▸ **HOW TO COMPLETE THIS TASK**: Go to the line holding "Giovane Donna Bionda" in the data below. Return it and each line after it through the last, exactly, and skip the pictures.

(Source records)
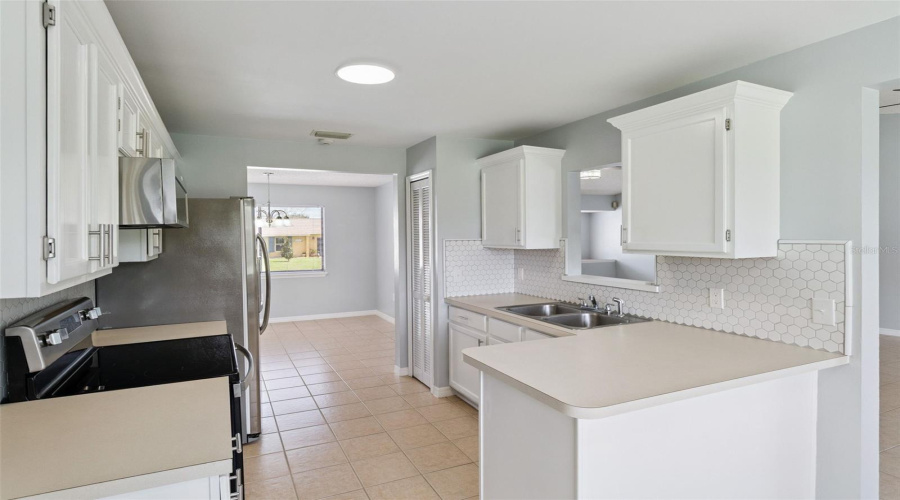 Palm Bay, Florida 32907, 3 Bedroom Bedrooms, ,2 Bathroombathrooms,Residential,For Sale,Forest,0,Mfro6422359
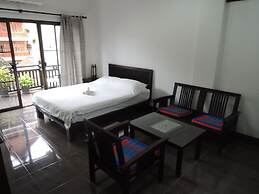 Faa Apartment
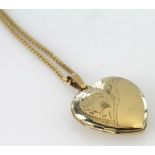 9ct Gold hallmarked Chain with 9ct hallmarked heart shaped locket, approx 18" length weight 5.2g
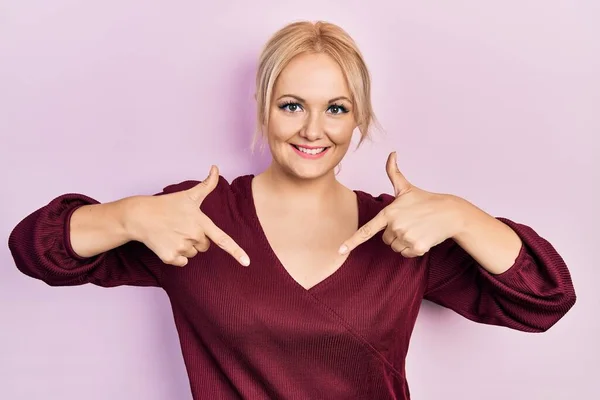 Giovane Donna Bionda Che Indossa Maglione Invernale Casual Guardando Fiducioso — Foto Stock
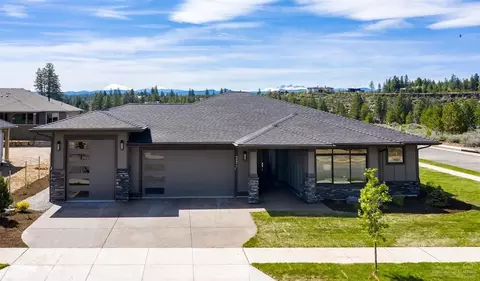 60877 SW Headwaters Loop, Bend, OR 97702 photo 1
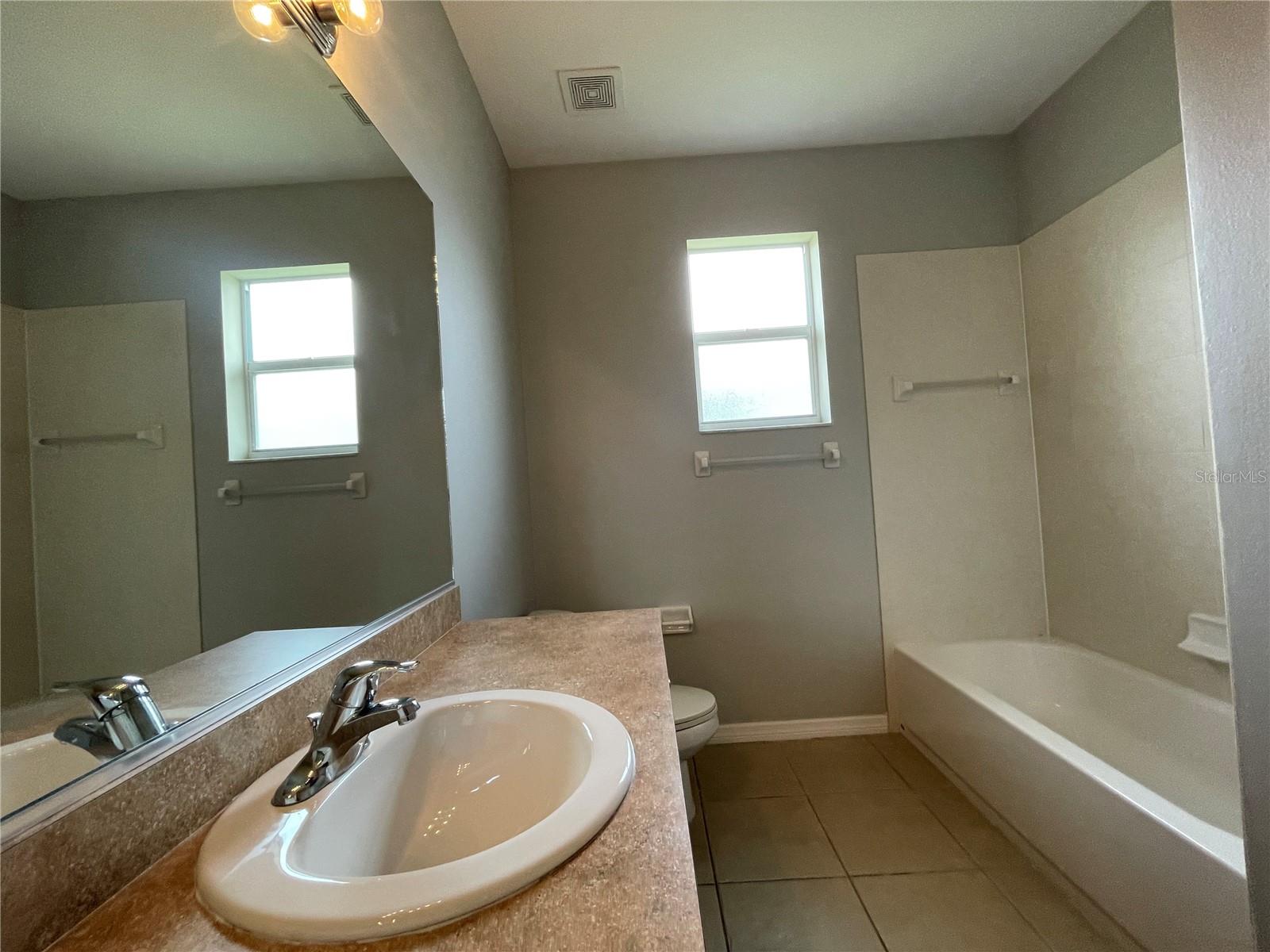 RIVER PLANTATION PH II - Residential Lease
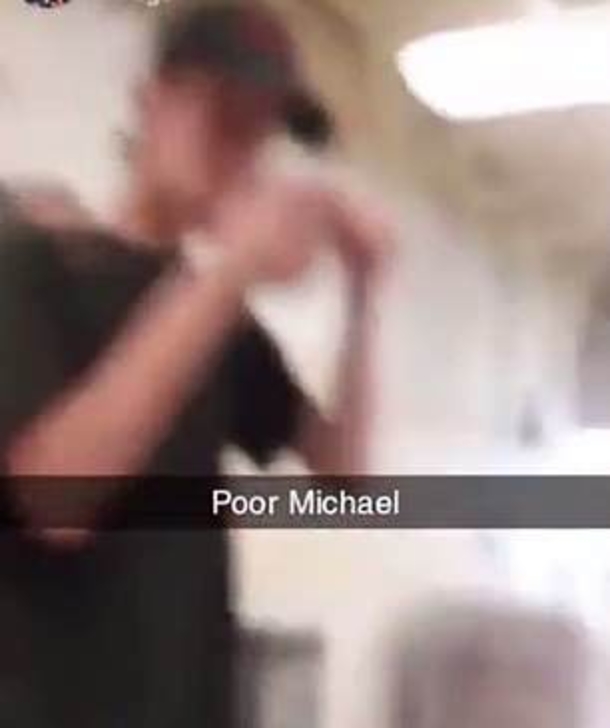 Bullies Laughed As They Torment A Blind Kid At School, Until Cops See The Video - picture 2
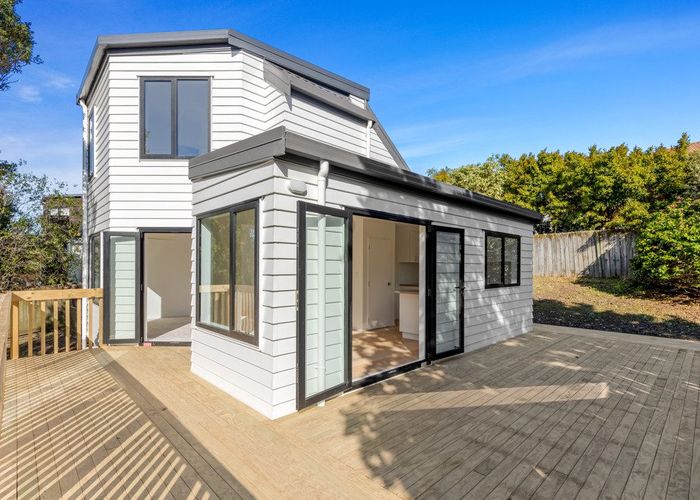  at 1/56 Centorian Drive, Windsor Park, Auckland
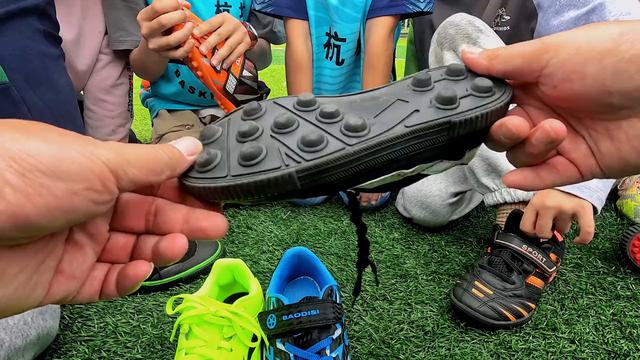 你的学生都穿什么足球鞋？到底怎么选才能提升训练质量呢？(足球训练鞋)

▸ **WRITTEN RESPONSE**:
 Giovane Donna Bionda Che Indossa Maglione Invernale Casual Guardando Fiducioso — Foto Stock
 60877 SW Headwaters Loop, Bend, OR 97702 photo 1
 RIVER PLANTATION PH II - Residential Lease
 Bullies Laughed As They Torment A Blind Kid At School, Until Cops See The Video - picture 2
  at 1/56 Centorian Drive, Windsor Park, Auckland
 你的学生都穿什么足球鞋？到底怎么选才能提升训练质量呢？(足球训练鞋)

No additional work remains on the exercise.